Filed under Free Software Downloads, Internet Security Alerts, Latest Tech News

2 responses to “Tech Thoughts Daily Net News – February 20, 2015

  1. Fred

    Hi Bill!
    ‘Beat it, bloatware: How to clean Superfish and other crap off your PC’
    From the article:
    “We originally published this article about a year ago, but in light of Lenovo’s Superfish fiasco, cleaning crapware off your PC is now more relevant than ever.”
    Bill I had always wondered about Lenovo and now it seems my fears were well founded. Apparently ALL of the computers are made in China. I have thought, based upon the Chinese governments proven record of spying on American businesses, consumers and government that it might be unwise, however the US government has its missile parts made in China do I guess all is well.
    You know Bill when I first got a computer I thought it would be all fun and educational, now it seems it is a front in a war!
    I truly am so appreciative of your efforts here, before coming here I was a lamb amongst the wolves.
    With best wishes always,
    Fred

    • Hi Fred,

      Sorry for the late response – life got in the way yesterday. 🙂

      Underhanded behavior seems to be an acceptable norm with tech companies. There’s really nothing new here – just news of the latest “we’ll lie like a rug until you catch us” sort of thing. Just look at the number of class action lawsuits that have been launched in the last month alone. Hell, in the last few days! 🙂

      I share your feeling that “it seems it is a front in a war!” We are, in one sense, combatants/victims (depending on one’s capacity to understand reality) in a U.S. led war against freedom, toleration, privacy… all of it wrapped in the flag of patriotism and counter terrorism (wonderfully supported by Hollywood). American exceptionalism running amok, which affects virtually every human being on earth.

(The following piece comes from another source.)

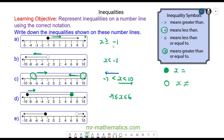Do you want to try question e? Pause the video and resume when you're ready. So for question e we have two inequalities. The first one is x is greater than — you can tell from the direction of the arrow — and it's not equal to because it's a hollow circle, so x is greater than 8. The other inequality is x is less than because of the direction of the arrow, and equal to because it is a full circle, so x is less than or equal to negative 3.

      I pointed out early in this NSA fiasco, that the only instrument worth wielding against a government intent on world domination (and, make no mistake, that is the underlying objective), is a refusal on the part of world citizenry to support U.S. companies at any level – starting with Microsoft, Apple, Google.. Until that happens, the U.S. will continue to attempt to run roughshod over the rest of the world.

      Twenty years of backdooring hard drives is a perfect illustration of how far off the board the U.S. plays the game. Who in their right mind would authorize such a thing.